Por supuesto que no todo el mundo está siempre de acuerdo: el curriculum es un campo político de debates y conflictos. Es por definición un terreno de tensiones, no sólo acerca de algunos temas polémicos (como la educación sexual, o la educación religiosa) sino de cualquier asunto relacionado con los deseos de distintos grupos de proponer sus ideas como “oficiales”. En cualquier caso, estas discusiones son importantes e interesantes porque los diseños curriculares terminan estableciendo qué es lo que se debe enseñar en las escuelas, y brinda algunas pistas sobre cómo se supone que debe enseñarse. Como dijimos antes al mencionar los problemas “teóricos” de la enseñanza –que como puede verse ahora, de teóricos no tienen casi nada– estos principios expresan una voluntad oficial, pero no son reglas inamovibles que los docentes deban obedecer. En el nivel inicial especialmente, los diseños funcionan mucho más como declaración de principios y orientaciones, como fuente de inspiración y guía, que como un programa cerrado de trabajo.
Esto sí, esto no: dioses y demonios de la buena enseñanza
La idea genérica de enseñanza ha abierto un lugar en los debates didácticos a la idea de buena enseñanza. La distinción entre ambas tiene que ver con el grado de compromiso con ciertas filosofías específicas acerca de cómo enseñar.
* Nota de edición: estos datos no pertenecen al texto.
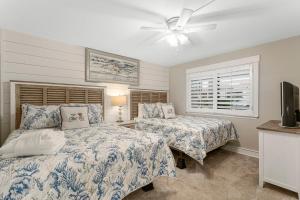 a bedroom with two beds and a ceiling fan at Mermaid's Den in Panama City Beach +90 photos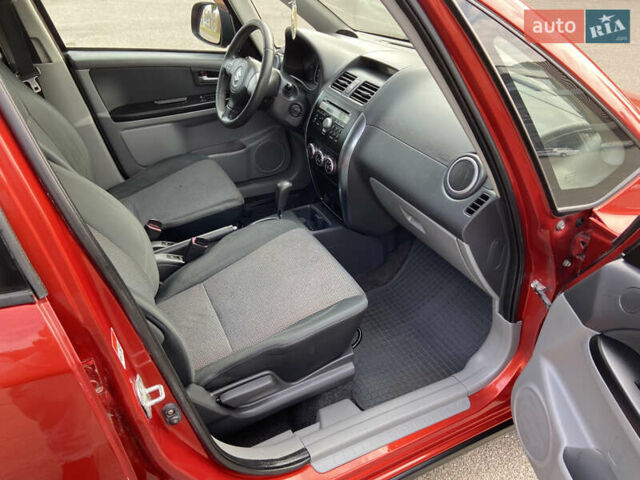 Оранжевый Сузуки СХ4, объемом двигателя 1.6 л и пробегом 215 тыс. км за 7300 $, фото 26 на Automoto.ua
Pongamos como ejemplo las siguientes definiciones de enseñanza:
1 Enseñar es: transmitir conocimientos a alguien que no los posee, partiendo desde lo simple hacía lo complejo, y desde lo general hacía lo particular, procurando en todo momento un orden y una coherencia. Para que la enseñanza sea auténtica, además, es conveniente buscar evidencias en las experiencias de la naturaleza y las relaciones.9
2 Enseñar es: ofrecer a los alumnos una cantidad a amplia y diversa de experiencias ejemplares, que les permitan acercarse a los distintos modos de pensar y actuar que tienen las disciplinas científicas, artísticas, técnicas, etc. Al enseñar, lo esencial no es la transmisión de “todo”, ni de “lo más importante”, sino ayudar a los estudiantes a pensar, y a buscar y analizar esa información.10
Ambas definiciones tienen algo en común. En ambas se hacen presentes dos tipos de actores –los que enseñan y los que aprenden– y en ambas el conocimiento es concebido como algo susceptible de ser apropiado por los segundos, bajo las influencias de los primeros. Podríamos decir que ambas definiciones coinciden en las ideas genéricas de enseñanza que se expresan en los modelos del triángulo didáctico y la fórmula “D φ Exy” 11. Sin embargo, difieren en lo que entienden por buena enseñanza. La primera definición destaca la importancia de una racionalidad en el orden de lo enseñado, y en el uso de la realidad natural o social como evidencia de ese orden. La segunda, pone en primer plano la metacognición, y la fuerza del “aprender a aprender” por sobre la transmisión de contenidos específicos susceptibles de organizarse por enumeración. Como puede verse, el debate en este terreno no tiene que ver con la epistemología del término, o con lo que la enseñanza es, sino con las distintas concepciones acerca de cómo debería llevarse a cabo. Esto se traduce muchas veces en una serie de reglas –algunas explícitas, otras tácitas– acerca de lo que está bien y mal hacer cuando enseñamos.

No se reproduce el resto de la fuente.